Глава 10

Я расскажу все, как было – ни о чем не умалчивая и ничего не добавляя от себя.

У нее имелась отвратительная привычка: когда она пила, то обязательно стукала чашкой о блюдце. Звук был очень противный – холодный и резкий. Будто стукал один фарфоровый зуб о другой. Игнациус заранее напрягался. Невозможно любить женщину, которая так стукает чашкой.

Вообще невозможно было любить.

– Я вчера не слышал, как ты пришла, – раздраженно сказал он.

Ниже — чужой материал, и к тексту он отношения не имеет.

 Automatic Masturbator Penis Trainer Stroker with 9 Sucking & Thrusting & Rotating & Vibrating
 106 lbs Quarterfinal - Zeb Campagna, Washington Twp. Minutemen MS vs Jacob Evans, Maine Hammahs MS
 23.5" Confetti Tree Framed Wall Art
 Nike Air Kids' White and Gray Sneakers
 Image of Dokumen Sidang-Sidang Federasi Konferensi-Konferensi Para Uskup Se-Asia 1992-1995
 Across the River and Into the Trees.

Аня выпрямилась и хрустнула пальцами. – Мы ходили в театр, – сказала она.

– Кто это – «мы»?

– Весь отдел.

– Двадцать восемь человек?

– Ну, конечно…

И она покраснела. Она не умела врать.

– Ты не умеешь врать, – сказал Игнациус. – Впрочем, теперь это – все равно. Был скандал с Горгоной, что не запираем дверей. Она будила меня четыре раза. До трех ночи. Я же просил тебя…

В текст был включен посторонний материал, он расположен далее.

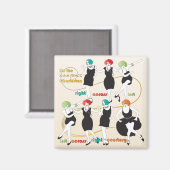 Mah Jongg Charleston Dancers Magnet (Voorkant / Achterkant)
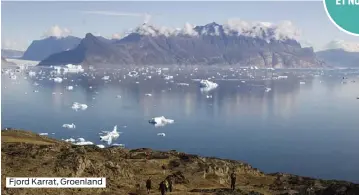  ??  ?? Fjord Karrat, Groenland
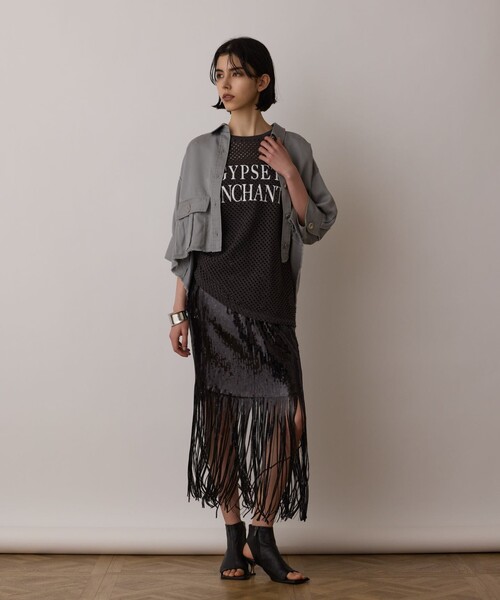 ブラウス シャツ ハーフスリーブルーズシャツ レディース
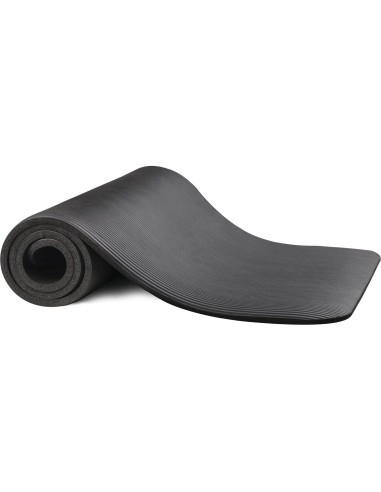 Alfombrilla de Yoga Fitvids Antidesgarro 1.27 cm Negra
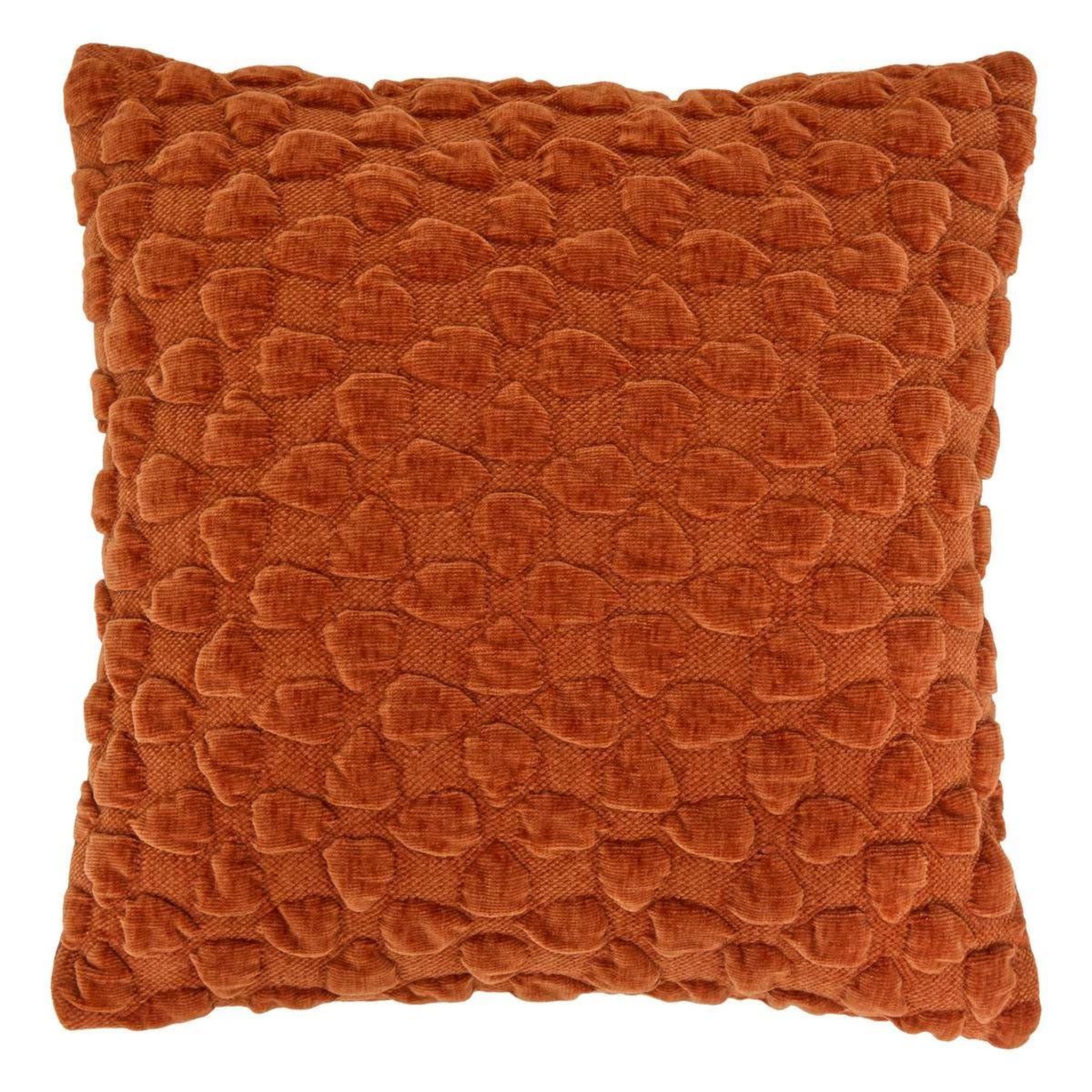 ATMOSPHERA Coussin chenillé 3d  nova  40x40cm ambre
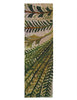 Oasi stole maxi in seta verde a fantasie esotiche Oasi Donna 60260041 0010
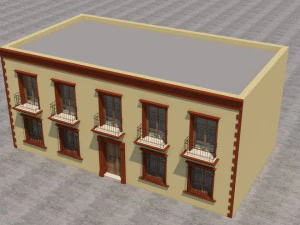 Mexican House 3D Model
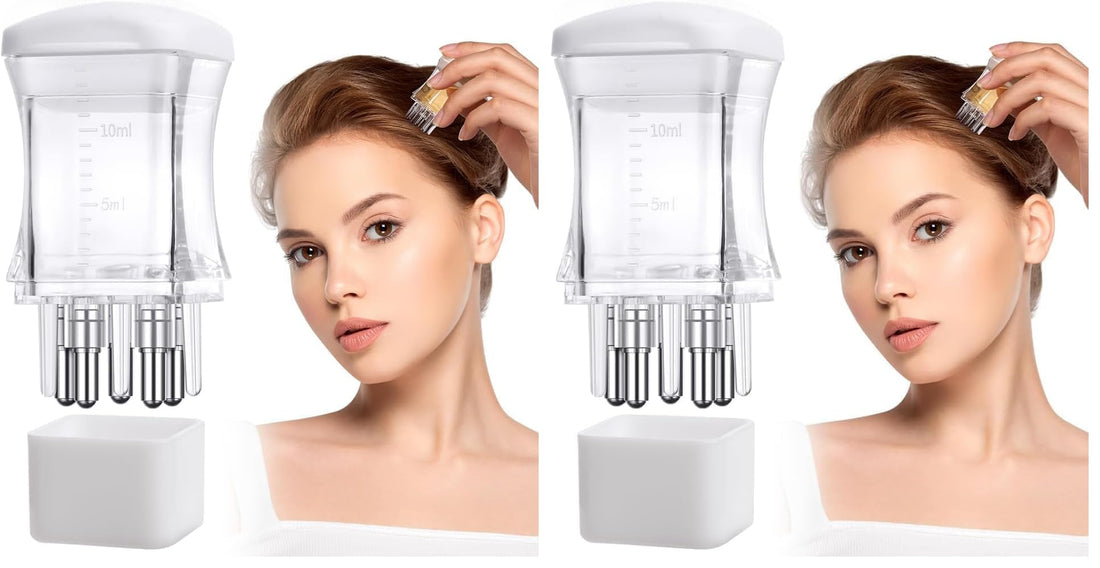 10ML- 2 in 1 Reusable Hair Oil Applicator Combo Smooth Root Comb Applicator Bottle For Scalp Oil Anti Hair Loss Lotion Dispenser Anti-Leak Salon Care Oily Hair Colouring Applicator Bottles[LEAK-PROOF]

– Я ходила в театр, – упрямо повторила Аня. Звонко стукнула чашкой и спохватилась. – Пожалуйста, извини… Как ты думаешь, могли бы мы поменяться? Комната на комнату. Или еще как-нибудь? – Она придавила мизинцем синеватую дрожащую жилочку на виске. – Вчера Горгона выдумала, будто я отсыпаю у нее манную крупу из шкафчика. И повесила амбарный замок. А сегодня ворчит, что ночью у нее откусили половину котлеты.

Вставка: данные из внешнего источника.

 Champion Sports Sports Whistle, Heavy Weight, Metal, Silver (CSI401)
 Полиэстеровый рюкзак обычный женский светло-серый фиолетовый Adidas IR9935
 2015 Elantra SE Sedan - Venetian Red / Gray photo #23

– Порядочные девушки не жрут по ночам чужих котлет, – сказал Игнациус. – Порядочные девушки возвращаются домой, как положено. И заботятся о семье. – Он запнулся. – Ну что ты на меня смотришь?

– Ой, забыла, забыла!.. – воскликнула Аня.

Чрезвычайно легко поднялась и выбежала из комнаты. Чрезвычайно легко и чрезвычайно поспешно. Игнациус даже, не выдержав, застонал. В свою очередь, тоже поднялся и дернул разбухшую форточку. Ворвалось бормотание, ударило мокрым снегом. Утро наступало пронзительное, ветреное, сырое – в грохоте обрывающегося льда и в шипении мутной, летящей с поребрика крыш, обезумевшей, талой воды. – Тс-тс-тс, – сказал он себе. Потому что накатывало обычное бешенство. Комната была узкая, тесная, и жить в ней было совсем невозможно. Вообще невозможно было жить. Голая лампочка надрывалась над клеенчатым липким столом, где – которые сутки уже – засыхал в хлебных крошках изогнутый ломтик сыра. Он терпеть не мог сыр. Ничего нет противнее сыра. Неопрятная брошенная развороченная тахта желтела неостывшим сном. Валялась скомканная рубашка. Игнациус намотал в пальцы угол простыни и стащил ее на пол – со всеми делами. Нельзя любить женщину, у которой плесневеет в тарелке вчерашний ужин и целыми днями распахнута мелко измятая пустая постель.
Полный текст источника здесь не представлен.